The EPG lets you see the TV schedule up to 8 days in advance. Once you see a show you’re interested in, you can either set a reminder for it – which will pop up once you’re watching other channels – or ask the T2-R to record it.
If the show you want to record is part of series, you can easily ask the device to record the whole series. Then, whenever there’s another episode, it’ll be recorded automatically at the right time. (This depends on the shows being tagged correctly by the Freeview EPG folks – which sometimes doesn’t happen. But in most cases, recording a series goes well.)
The device doesn’t have to be on to record – as long as it’s connected, and on standby, it’ll record everything you set it to, at the right time. With dual tuners, it can record up to two simultaneous programmes on two different channels. If you try to record a program on a THIRD channel, the T2-R’s smart recording function will try to find a different time when that programme is on – and record it then.
While most Freeview channels are still unfortunately in Standard Definition, there are 15 HD channels – so if you set a recording of an SD show that also has an HD version on the equivalent channel, the TR-2 will automatically record the HD version, which is a nice touch.

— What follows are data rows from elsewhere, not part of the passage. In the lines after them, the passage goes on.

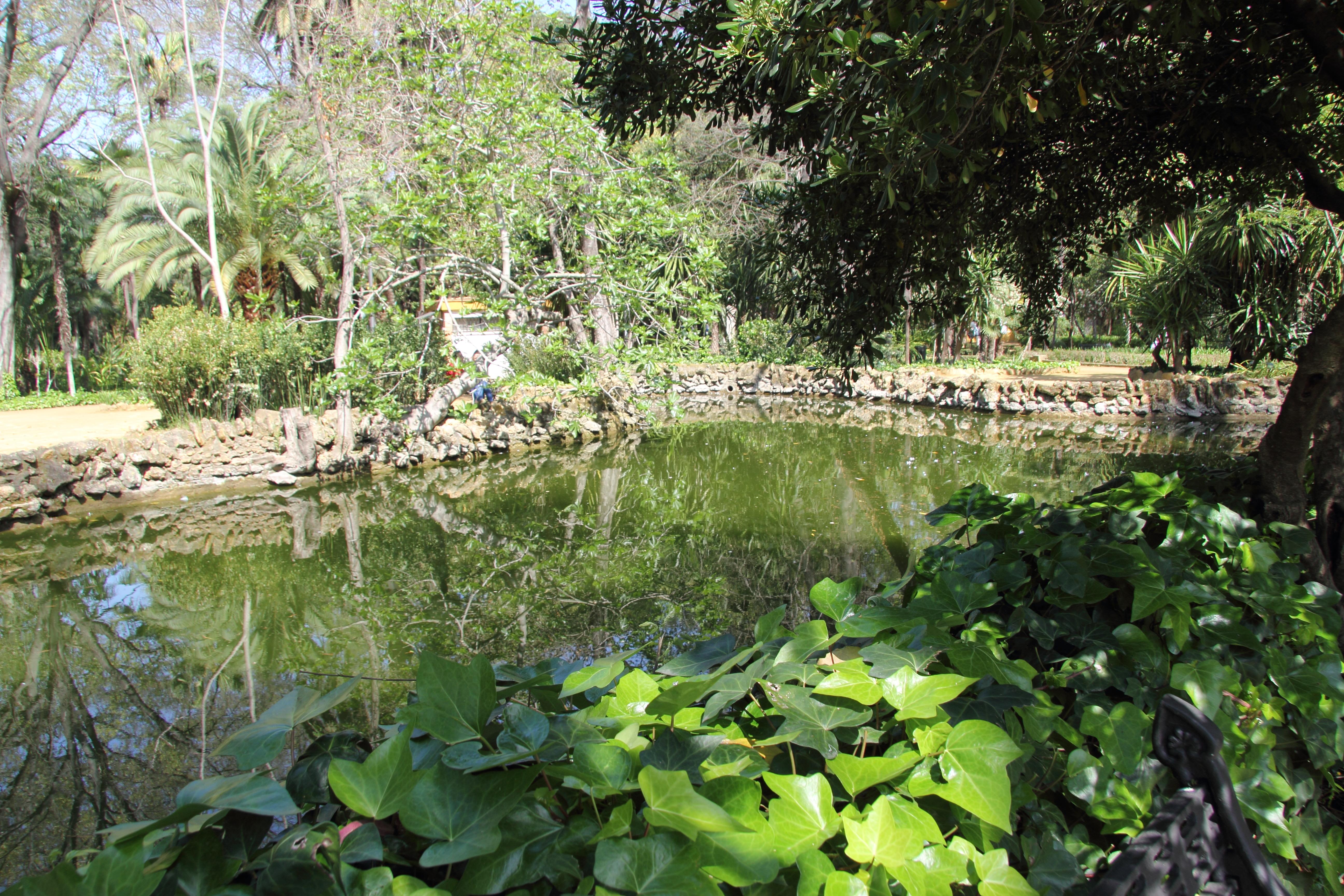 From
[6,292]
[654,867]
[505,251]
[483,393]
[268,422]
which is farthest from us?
[6,292]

Similarly, if you’re watching an SD channel (such as BBC 1) that also has an HD version, the device will note that on-screen, and ask whether you want to jump to the HD version of the channel.
One thing to remember about Freeview recordings, is that the recording is as good as your reception. So if the reception goes bad – for example if you move your aerial, or during a bad thunderstorm – you’ll find out later that you have a stuttering, garbled recording.

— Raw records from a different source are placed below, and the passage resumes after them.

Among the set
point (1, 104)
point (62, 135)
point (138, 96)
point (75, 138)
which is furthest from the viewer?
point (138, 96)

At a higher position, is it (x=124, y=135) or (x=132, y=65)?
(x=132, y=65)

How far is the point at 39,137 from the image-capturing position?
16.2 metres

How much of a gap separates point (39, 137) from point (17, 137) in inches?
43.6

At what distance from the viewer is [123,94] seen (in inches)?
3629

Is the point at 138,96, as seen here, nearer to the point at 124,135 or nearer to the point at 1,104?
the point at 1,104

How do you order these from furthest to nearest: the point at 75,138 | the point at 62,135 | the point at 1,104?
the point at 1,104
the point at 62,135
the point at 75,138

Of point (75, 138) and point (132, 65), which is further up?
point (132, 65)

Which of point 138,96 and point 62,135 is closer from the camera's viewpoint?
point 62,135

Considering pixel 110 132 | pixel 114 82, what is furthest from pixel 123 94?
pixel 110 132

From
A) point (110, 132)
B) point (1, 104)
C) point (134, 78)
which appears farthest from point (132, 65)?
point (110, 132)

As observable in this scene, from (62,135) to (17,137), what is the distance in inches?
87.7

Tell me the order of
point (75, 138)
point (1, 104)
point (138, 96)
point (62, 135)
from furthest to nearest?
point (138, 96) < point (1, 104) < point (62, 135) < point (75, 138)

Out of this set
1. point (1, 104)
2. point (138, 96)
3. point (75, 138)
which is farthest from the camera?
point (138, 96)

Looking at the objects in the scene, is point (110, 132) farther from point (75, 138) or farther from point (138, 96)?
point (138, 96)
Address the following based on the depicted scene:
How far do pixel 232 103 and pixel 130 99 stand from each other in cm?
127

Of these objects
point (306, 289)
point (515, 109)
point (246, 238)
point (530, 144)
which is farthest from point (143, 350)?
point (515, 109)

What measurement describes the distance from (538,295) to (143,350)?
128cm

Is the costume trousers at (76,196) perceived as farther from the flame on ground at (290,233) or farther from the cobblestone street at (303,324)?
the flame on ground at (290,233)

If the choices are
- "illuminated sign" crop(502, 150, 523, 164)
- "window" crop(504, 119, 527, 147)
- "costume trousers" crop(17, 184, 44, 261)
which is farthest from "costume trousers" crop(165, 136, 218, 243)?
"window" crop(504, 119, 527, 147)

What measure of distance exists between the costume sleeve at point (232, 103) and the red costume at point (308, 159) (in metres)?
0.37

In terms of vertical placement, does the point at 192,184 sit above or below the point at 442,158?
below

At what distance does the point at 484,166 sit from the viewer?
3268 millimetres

The TR-2 also continuously records the channel you’re on right now – up to two hours. That means you can live-pause anything you’re watching (when you get that important phone call, for example), and you can also decide you want to record and keep a show you’re watching – even after it had started.
Watching Recorded Content
Press the “Recordings” button on your remote, and you instantly get into your very own VOD library of all the programmes, series and movies you’ve recorded (and it even knows to categorise them like that).
As you would expect, playback also lets you fast forward and rewind, and by pressing the “Right” button you can also instantly jump 30 seconds ahead – which is wonderful for skipping those annoying adverts. If you keep pressing that button, playback will jump ahead in bigger increments.

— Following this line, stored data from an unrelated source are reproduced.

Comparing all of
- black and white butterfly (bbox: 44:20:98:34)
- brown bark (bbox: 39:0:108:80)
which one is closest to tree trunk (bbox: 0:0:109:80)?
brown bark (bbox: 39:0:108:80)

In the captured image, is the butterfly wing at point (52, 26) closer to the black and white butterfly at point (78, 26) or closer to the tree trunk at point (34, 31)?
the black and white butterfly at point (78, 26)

Skipping forward (or back) is surprisingly smooth, and playback will stutter for less than a second.
Additionally, a “Go To” button lets you jump to an exact point in the recorded content – very useful if you’re looking for something specific.
Once the hard drive gets full, the T2-R will start erasing older shows automatically, to make room for new recordings – but if there are shows you want to keep, you can mark them as protected.
Another important aspect are the subtitles – if you watch a show with subtitles (which can be turned on and off easily with a dedicated button), recording that show will keep the subtitles available – and you can again turn them on and off with the press of a button. The same goes for Audio Description, when available.
Bottom Line – Is The Manhattan T2-R For Me?
I was pleasantly surprised by the T2-R’s performance. While it’s not really a cheap Freeview box, it’s still cheaper than some of the competing boxes, without passing on important functionality.
The interface is beautiful and most importantly – fast. The “smart” recording features are useful, and navigating your recordings is easy. Picture quality is great, but – as always – depends a lot on your aerial reception.
The one downside? No streaming apps (such as BBC iPlayer, Netflix, etc’) – which means you have to get another streaming device for those. While apps would have probably raised the price of the device, it’s still something to consider when you’re shopping around.
Note: The T2-R was supplied by the manufacturer for this review. As always, this did not influence my unbiased opinion of the product.